Obecnie doświadczamy ataku DDoS, który może skutkować dużymi opóźnieniami i rozłączeniami w przypadku niektórych graczy. Aktywnie pracujemy nad złagodzeniem tego problemu. 7 stycznia 2021 r

CD Projekt Czerwony

I tu dochodzimy do CD Projekt Red, który 9 lutego 2021 roku ogłosił, że w jego sieci wewnętrznej doszło do cyberataku. Odpowiedzialny za to haker twierdził, że ukradł kod źródłowy „Cyberpunka 2077, Wiedźmina 3, Gwinta i niewydanej jeszcze wersji Wiedźmina 3”. Następnie powiedzieli, że „porzuciliśmy wszystkie dokumenty związane z księgowością, administracją, prawem, zasobami ludzkimi, relacjami inwestorskimi i nie tylko! Twierdząc, że zaszyfrowaliśmy wszystkie serwery CD Projekt Red, ale potwierdzając, że wiedzieli, że serwery można łatwo odzyskać za pomocą kopie zapasowe. bezpieczeństwo. Firma, która znalazła się pod ogromną presją w związku ze zgłoszonymi problemami z wydaniem Cyberpunka 2077, nie potrzebowała już złych wiadomości. Haker przetrzymał skradzione dane dla okupu, dając CDPR 48 godzin na wyrażenie zgody na jego żądania. CDPR odmówił i zgodnie z obietnicą haker wystawił dane na aukcji w ciemnej sieci. Nie jest jasne, kim jest nabywca ani co planuje zrobić z danymi, co kosztuje 7 milionów euro pod warunkiem, że nie jest dozwolona dalsza sprzedaż ani dystrybucja.

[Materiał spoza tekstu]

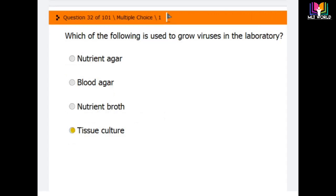Question 32: Which of the following is used to grow viruses in the laboratory? Options are: nutrient agar, blood agar, nutrient broth, and tissue culture. The correct answer is tissue culture — tissue culture is used to grow viruses in the laboratory.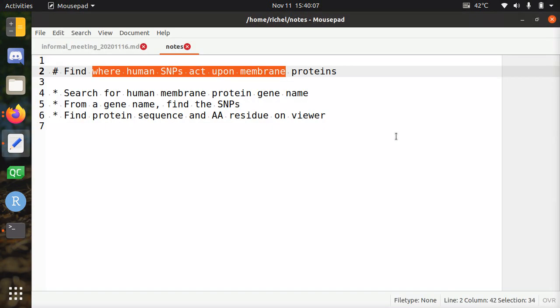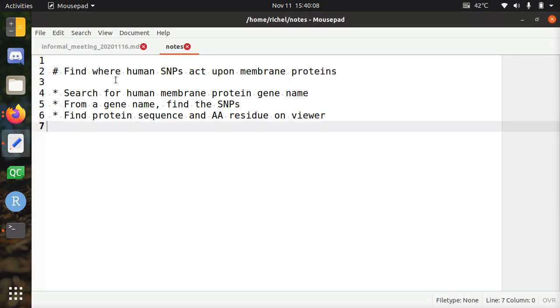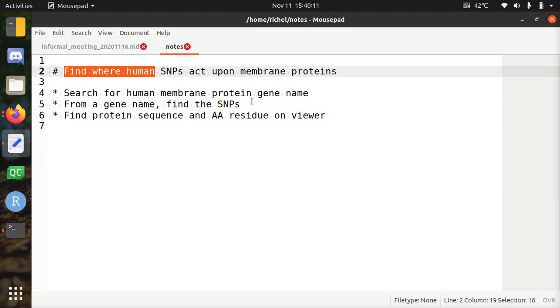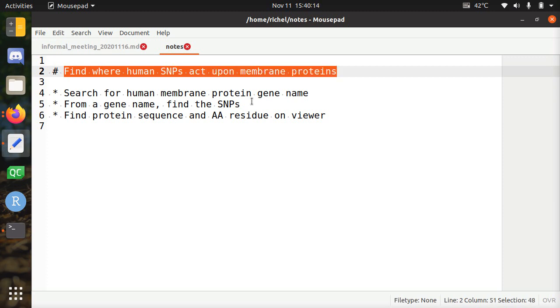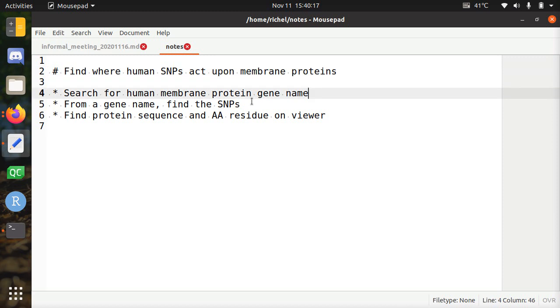Hi. The goal of this video is to demonstrate how to find where human SNPs act upon membrane proteins. And these are three steps.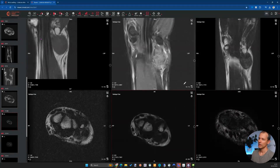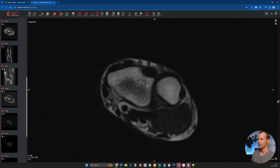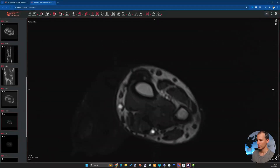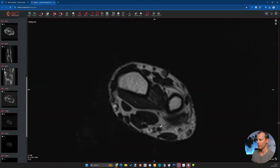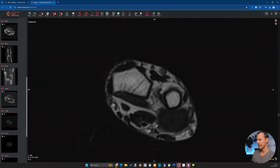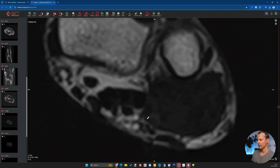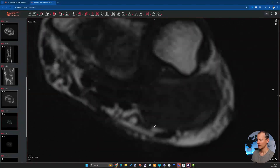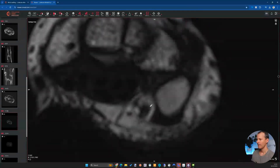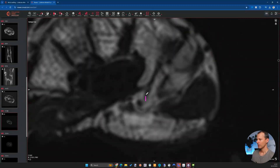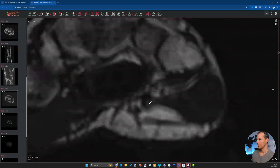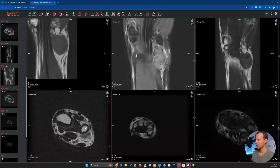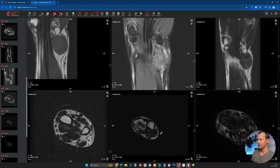We need to know which structures are close to the mass, and for that we have a 3D sequence. We can see the ulnar nerve here — we want to make sure we're not looking at a nerve sheath tumor. Following the nerve, it gets displaced by the mass and is separated by a fat layer in most areas, though in some areas it has contact with the nerve, which is relevant for surgery. We can see the deep ulnar branch and superficial branches, but the mass is certainly not the origin of the nerve.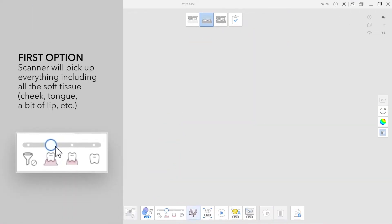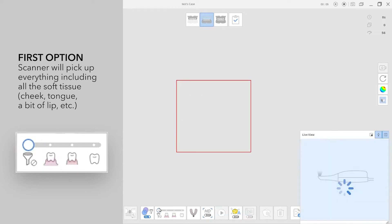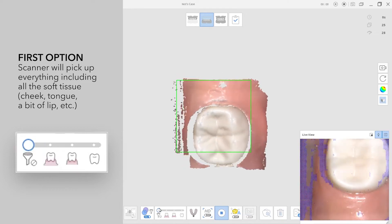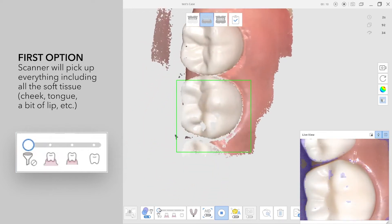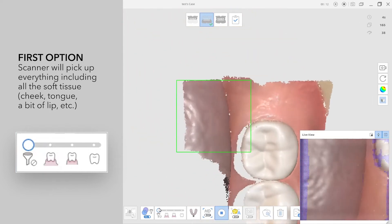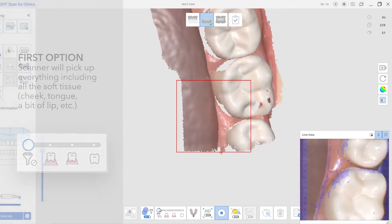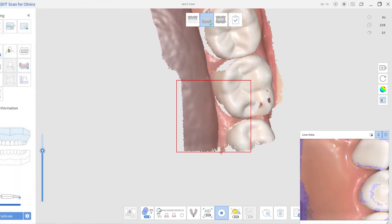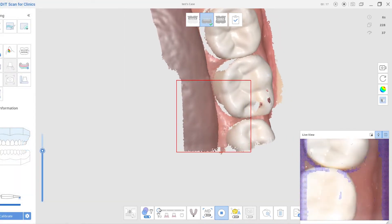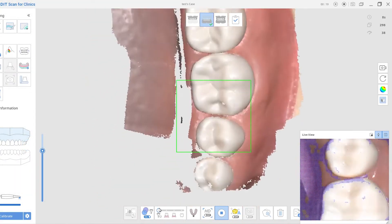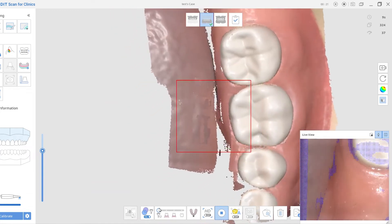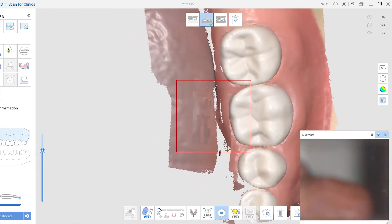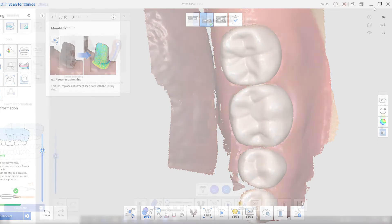If I take this ball here and slide it all the way to the left, this is a no filtering option. The scanner will pick up everything - all the soft tissues like the cheek and tongue, and lips. It's not going to filter any information out. It's going to leave the soft tissues there. This is really valuable when you're scanning edentulous patients because this may improve your ability to pick up the scan data.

Właśnie w: #CDProjektRed AUKCJA ZAMKNIĘTA. #Hakerzy wystawili na aukcji skradziony kod źródłowy wersji gry #RedEngine i #CDPR i właśnie ogłosili, że wpłynęli zadowalającą ofertę spoza forum, pod warunkiem, że nie będą już dystrybuować ani sprzedawać. pic.twitter.com/4Z2zoZlkV6 11 lutego 2021 r. Jak dotąd żadna grupa ani osoba nie przyznała się do ataku.

Konsekwencje

Kilka osób zaangażowanych w grupy hakerów Black Hat, a także indywidualni hakerzy wspomniani w tym artykule, zostało aresztowanych i postawionych zarzutów. W dniu 2 lipca 2019 r. dyrektor DerpTrolling Austin Thompson z Salt Lake City w stanie Utah został skazany na 27 miesięcy więzienia po przyznaniu się do ataków DDoS na kilka firm, usług i stron internetowych zajmujących się grami online od grudnia 2013 r. do stycznia 2014 r., powodując „ szkody wynoszące co najmniej 95.000 5 euro.” W dniu 2016 października 27 r. Zachary Buchta z Fallston w stanie Maryland i jego wspólnik Bradley Willem Van Rooy, zarówno z Lizard Squad, jak i Poodle Corp, zostali aresztowani za „wykorzystywanie witryn internetowych służących do ataków cybernetycznych w zamian za zapłatę”. 2018 marca 3 r. Buchta został skazany na 350,000 miesiące więzienia i zapłatę 18 2013 euro odszkodowania dwóm zaatakowanym przez siebie firmom zajmującym się grami online. Grupa hakerska Lulzsec została skazana 2011 maja 32 r. w następstwie aresztowań jej członków latem 2 r.: Ryana Cleary’ego (30 miesiące), Jake’a Davisa (20 lata), Mustafę al-Bassama (XNUMX miesięcy) i Ryana Ackroyda (XNUMX miesięcy). miesiące). Wiele innych platform gier online, w tym Twitch, Steam, PlayStation Network firmy Sony i Xbox Live firmy Microsoft, zostało zaatakowanych na przestrzeni lat. Niestety, jest więcej niż prawdopodobne, że tego typu cyberataki będą nadal mieć miejsce, ale miejmy nadzieję, że dzięki znacznie skuteczniejszemu oprogramowaniu zapobiegającemu atakom DDoS i hakerom strata czasu i skutki ataków będą nadal znacznie rosły.